The regional train from Bologna to Faenza was hot and dusty. The antiquated train stations seemed to have a hundred steps to climb with the guitars, equipment and a small bag of clothes. In the course of pursuing a dream it is important to realize that there will be some moments you wished you didn’t have to experience. Roger sought after a dream when he was 14 years old. He had a dream to become a folk singer like Bob Gibson and Pete Seeger. Years of practice, years of peaks and years of valleys were on the road to the dream. His banjo playing landed him a job when he was 17. By the age of 22 he was a rock and roll star, but that wasn’t his dream. “Rock and Roll” was just a turn in the road. He didn’t mind that turn in the road and in fact enjoyed all the moments, but the turn had some very deep valleys.

The overnight train ride was smooth and we slept well. After a quick shower, we were ready to accept Nico’s invitation to go to his hometown of Rimini to eat at his father’s restaurant.

Rimini is a graceful town situated on the Adriatic Sea. As in all of Italy’s cities, history abounds. We were treated to a delicious meal of seafood and pasta before a walk on the beautiful beach. This seaside town is the vacation spot for the Italians.
The beach was filled with families camped under a sea of umbrellas. The cool breezes flowing off the sea made this beach experience delightful. We have lived on the beach but this was different. It wasn’t hot.

After the final Italian concert, Nico drove us from Asti to Milan and dropped us at a hotel that was not too far from the train station. I chose it because I wanted a location that was close to the station, but far enough away that a taxi driver would not be upset at the short ride. Carrying two guitars, an equipment bag and 2 rolling suitcases is not an easy feat after the first flight of stairs. I’m up to 40 push-ups a day, just to handle the lifting.

We checked into the hotel, and then explored the neighborhoods and their grocery stores - my favorite way to become familiar with a culture.

The telephone rang at 5am to wake us up in time to catch the early train to Germany. We have to change trains in Munich to get to Nuremberg. I never understand why we change the spellings of cities to fit our language. Munich is Muenchen in German.

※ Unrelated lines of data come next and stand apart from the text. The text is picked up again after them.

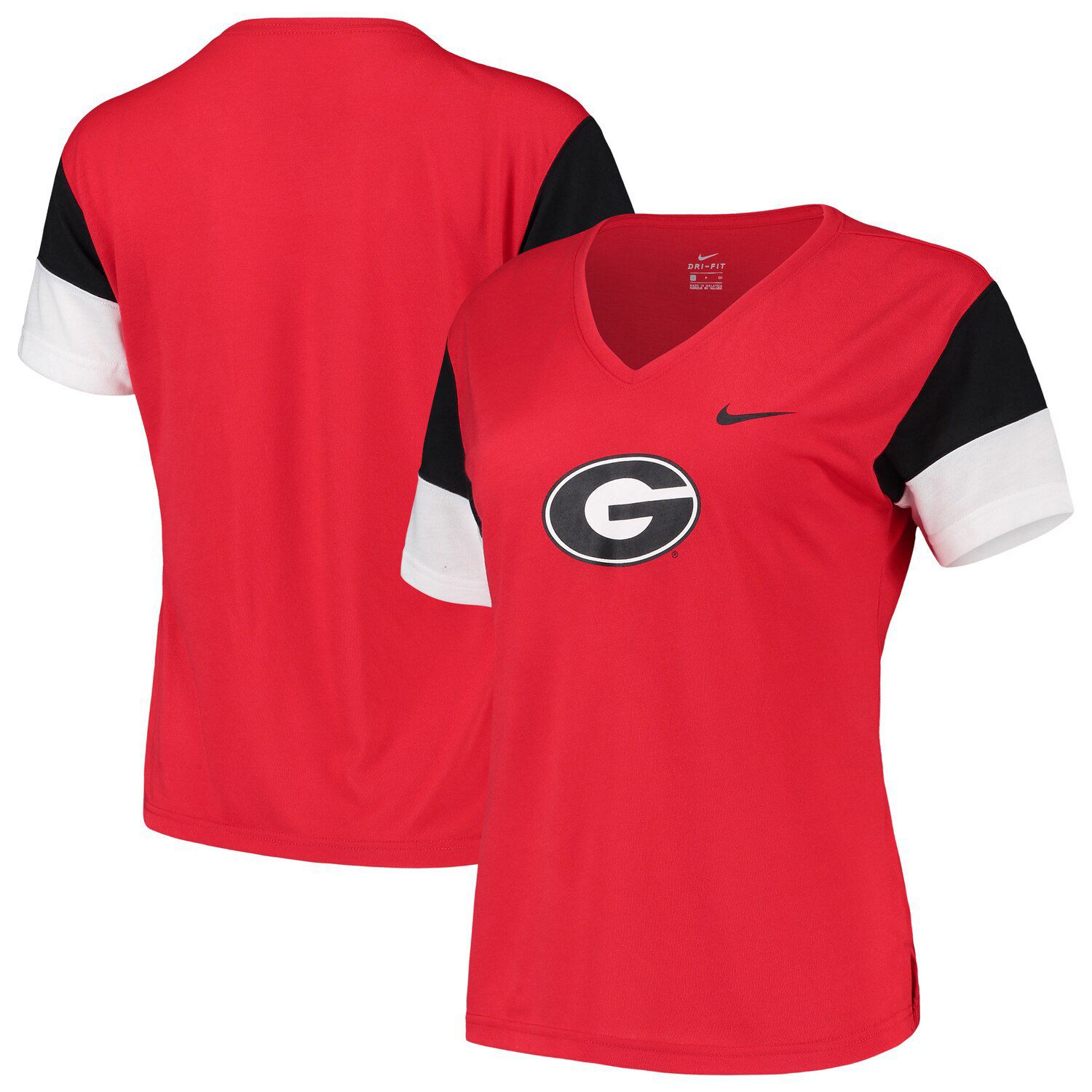 red and black nike shirt womens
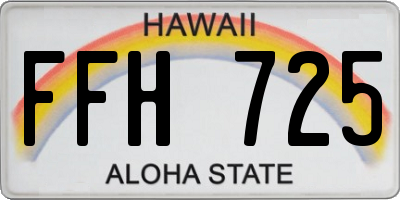 HI license plate FFH725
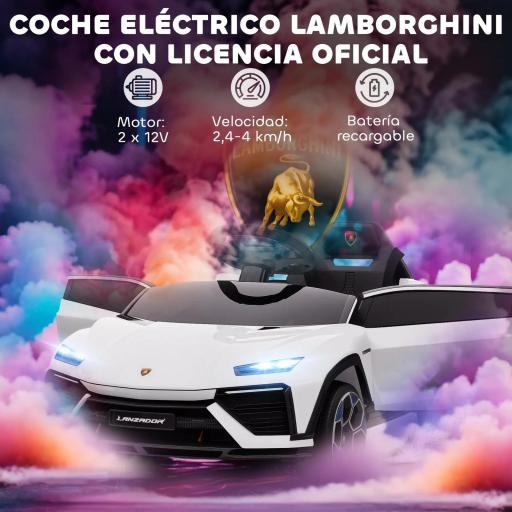 Coche Eléctrico para Niños de +3 Años con licencia Lamborghini Batería 12V Mando a Distancia 2,4 G Motor Doble Blanco [2]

Two elderly ladies are sitting across the table from me in the 4-seat configuration. Roger and I had the two facing window seats, but when I saw their disappointment that they weren’t sitting together, I managed to convey to them by sign language that we could switch seats. Roger moved across the aisle and the two ladies happily sat together, with me facing them. The seat change was very fortuitous. Once the ladies were settled in their seats, the younger one, I guess she is about 75, opened her bag, pulled out antiseptic wipes and began cleaning the table between us, our arm rests and the window sill. After she finished cleaning our abode, she went over to Roger’s seat and cleaned his area.

Roger and I pulled out our computers. I began writing this story and the ladies made sure I looked up whenever something beautiful was passing by – which was most of the time. Usually when I travel, I tend to compare the terrain with areas of my homeland but Italy isn’t like the rest of the world … it is unique. The mountains, the beaches, the cities, the vineyards, olive groves, the architecture and the small towns have a look and feel that I have only found in this boot shaped country. Of course when you add the delicious food into the mixture I have to say, “I don’t think we come here enough.”

We have been saying the same thing about the United Kingdom. The tour on the English rails was packed. Nick Peel, Roger’s agent and Chas Cole of CMP, the UK promoter, were very diligent to fill most of the days with concerts. It was on the trains that we were able to relax and reflect.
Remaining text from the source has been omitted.